▸ **What you will do**: Using only the entries below, output the lines starting at the one containing "1553850 دور في" and ending at the one containing "المطلوب 600الف قابل", exactly and inclusive of both, omitting the pictures.

▸ **Provided data**:

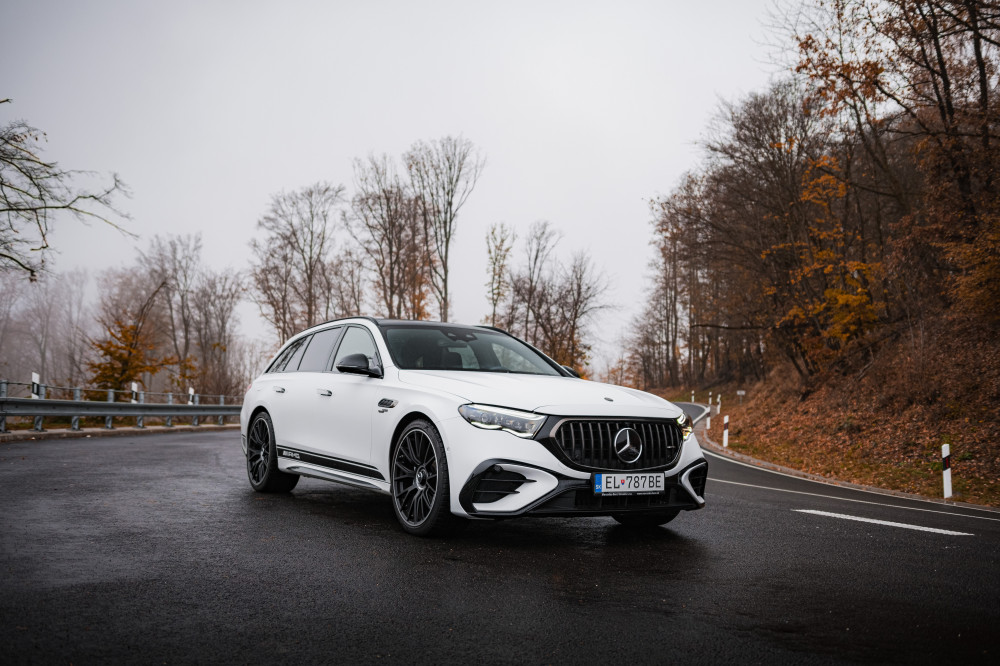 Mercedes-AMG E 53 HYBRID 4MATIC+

---

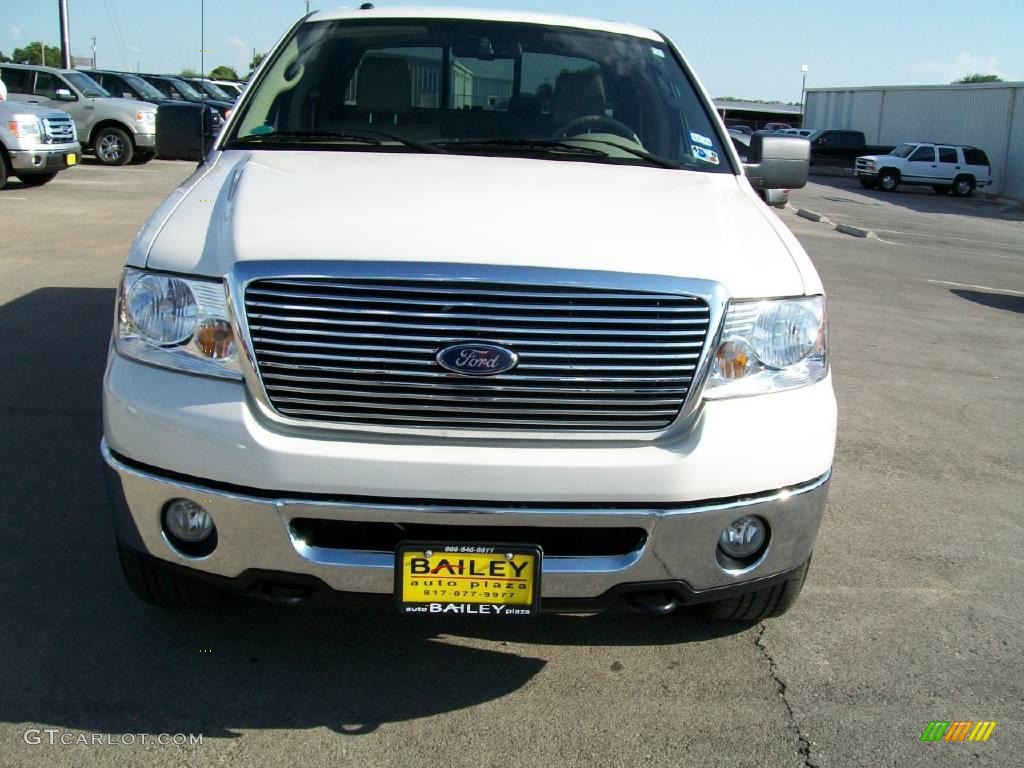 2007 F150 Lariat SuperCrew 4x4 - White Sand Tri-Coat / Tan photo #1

---

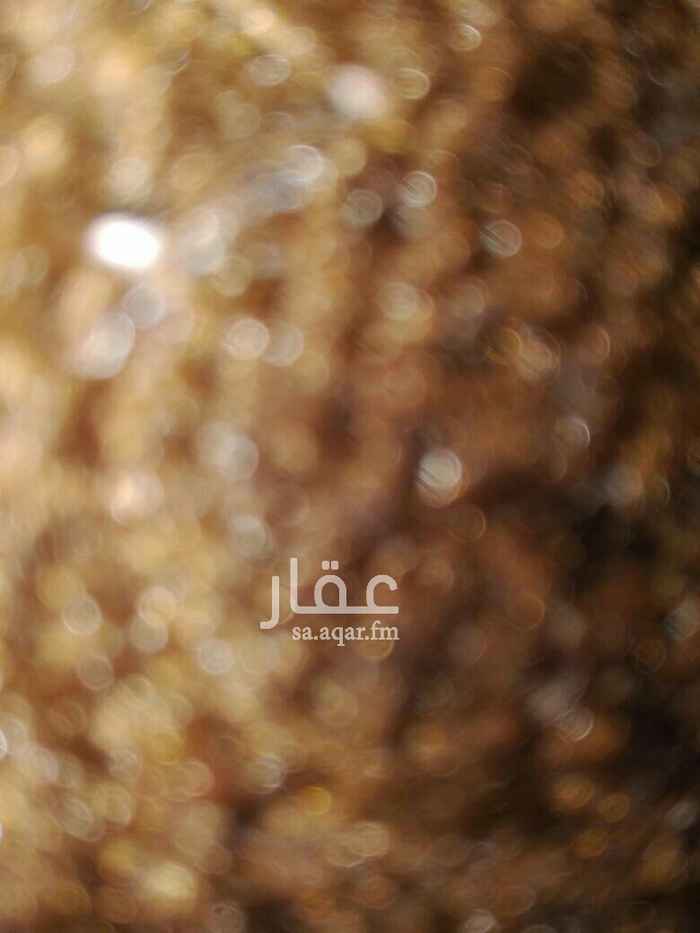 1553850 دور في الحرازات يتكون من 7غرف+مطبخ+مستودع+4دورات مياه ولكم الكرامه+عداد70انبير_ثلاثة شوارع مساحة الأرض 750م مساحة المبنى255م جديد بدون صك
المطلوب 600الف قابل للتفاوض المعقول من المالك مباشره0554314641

▸ **Answer to the exercise**:
 1553850 دور في الحرازات يتكون من 7غرف+مطبخ+مستودع+4دورات مياه ولكم الكرامه+عداد70انبير_ثلاثة شوارع مساحة الأرض 750م مساحة المبنى255م جديد بدون صك
المطلوب 600الف قابل للتفاوض المعقول من المالك مباشره0554314641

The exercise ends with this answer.